§ **Directions**: Gather, from the data below, each line in which the word "Blue" occurs.

BEGIN Supplied data

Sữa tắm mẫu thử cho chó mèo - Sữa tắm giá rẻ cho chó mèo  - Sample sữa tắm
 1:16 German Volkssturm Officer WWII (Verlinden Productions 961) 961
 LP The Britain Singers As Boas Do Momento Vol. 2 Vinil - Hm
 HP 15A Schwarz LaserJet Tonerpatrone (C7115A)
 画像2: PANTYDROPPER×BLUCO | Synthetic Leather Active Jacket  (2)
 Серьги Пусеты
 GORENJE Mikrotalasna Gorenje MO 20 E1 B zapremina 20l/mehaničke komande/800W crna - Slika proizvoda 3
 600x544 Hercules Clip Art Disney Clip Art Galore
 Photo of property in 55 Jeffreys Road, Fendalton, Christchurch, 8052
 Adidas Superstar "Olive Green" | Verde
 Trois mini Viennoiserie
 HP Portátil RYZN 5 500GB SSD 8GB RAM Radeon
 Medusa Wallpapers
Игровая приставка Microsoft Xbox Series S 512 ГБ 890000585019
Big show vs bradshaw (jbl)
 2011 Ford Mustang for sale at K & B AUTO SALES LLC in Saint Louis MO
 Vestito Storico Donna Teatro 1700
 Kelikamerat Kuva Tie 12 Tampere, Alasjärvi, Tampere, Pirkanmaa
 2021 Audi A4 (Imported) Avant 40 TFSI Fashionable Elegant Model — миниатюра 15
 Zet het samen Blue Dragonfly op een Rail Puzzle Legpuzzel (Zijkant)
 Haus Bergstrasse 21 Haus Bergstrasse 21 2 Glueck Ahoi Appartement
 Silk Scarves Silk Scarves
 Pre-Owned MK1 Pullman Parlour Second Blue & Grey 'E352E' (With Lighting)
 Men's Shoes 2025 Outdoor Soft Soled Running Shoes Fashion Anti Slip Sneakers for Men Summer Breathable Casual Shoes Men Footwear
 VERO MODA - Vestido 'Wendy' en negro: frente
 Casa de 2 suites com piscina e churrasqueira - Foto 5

END Supplied data

§ **Exercise solution**:
 Zet het samen Blue Dragonfly op een Rail Puzzle Legpuzzel (Zijkant)
 Pre-Owned MK1 Pullman Parlour Second Blue & Grey 'E352E' (With Lighting)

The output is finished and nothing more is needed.